Google Tests 'Never-Slow Mode' for Speedier Browsing (zdnet.com)
At some point in the future, Chrome may gain a new feature, dubbed 'Never-Slow Mode', which would trim heavy web pages to keep browsing fast. From a report: The prototype feature is referenced in a work-in-progress commit for the Chromium open-source project. With Never-Slow Mode enabled, it would "enforce per-interaction budgets designed to keep the main thread clean." The design document for Never-Slow Mode hasn't been made public.
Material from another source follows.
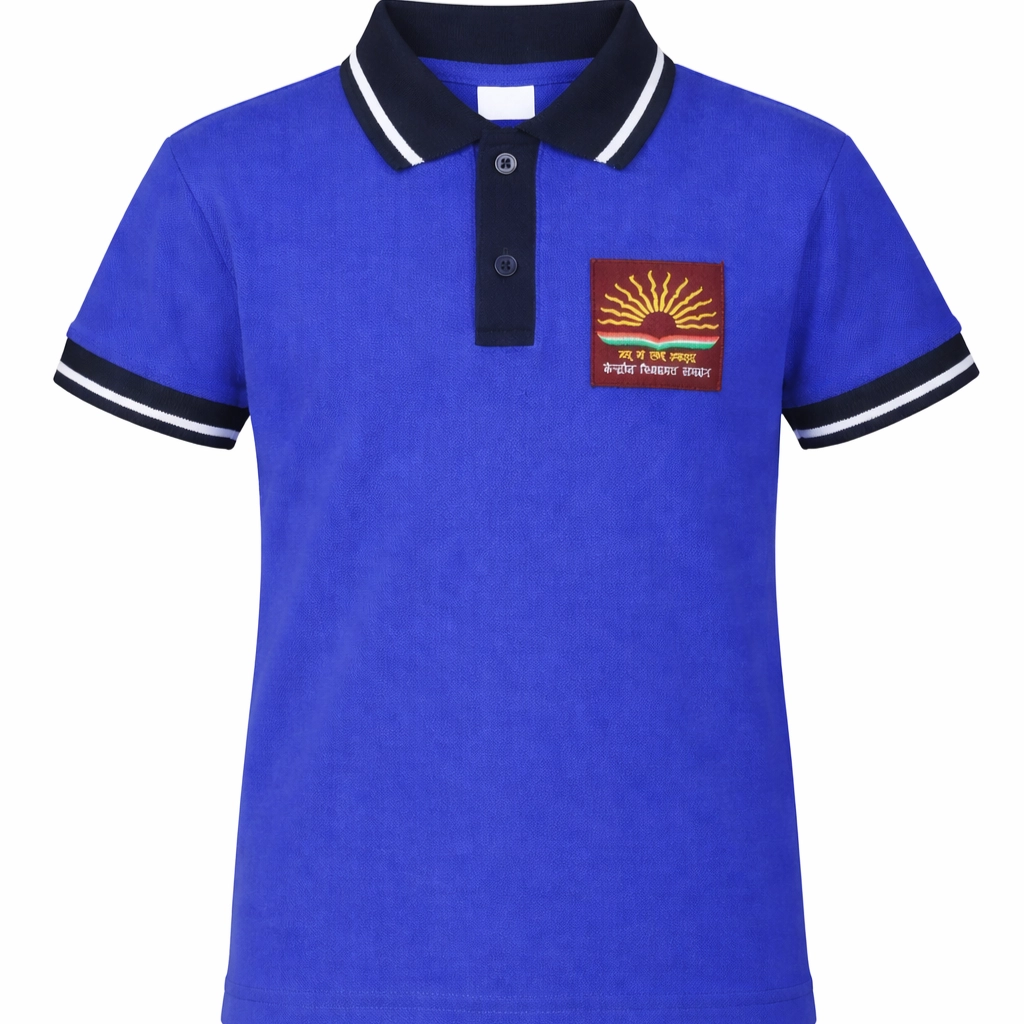 KV T-Shirt Half Sleeves Blue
However, the feature's owner, Chrome developer Alex Russell, has provided a rough outline of how it would work to speed up web pages with large scripts. "Currently blocks large scripts, sets budgets for certain resource types (script, font, css, images), turns off document.write(), clobbers sync XHR, enables client-hints pervasively, and buffers resources without 'Content-Length' set," wrote Russell.
Fucks sake - this is exactly the reason random web page X stops working.
Here's a hint google: You're fixing the WRONG problem.
The correct problem to apply pressure to:
1) Crap web code, and specfically better educating the people that write it.
2) Javascripts crappy threads.
Your 'never slow mode' should only ever be a debug tool for people making web pages.
Web pages load okay without all of the crap added to them.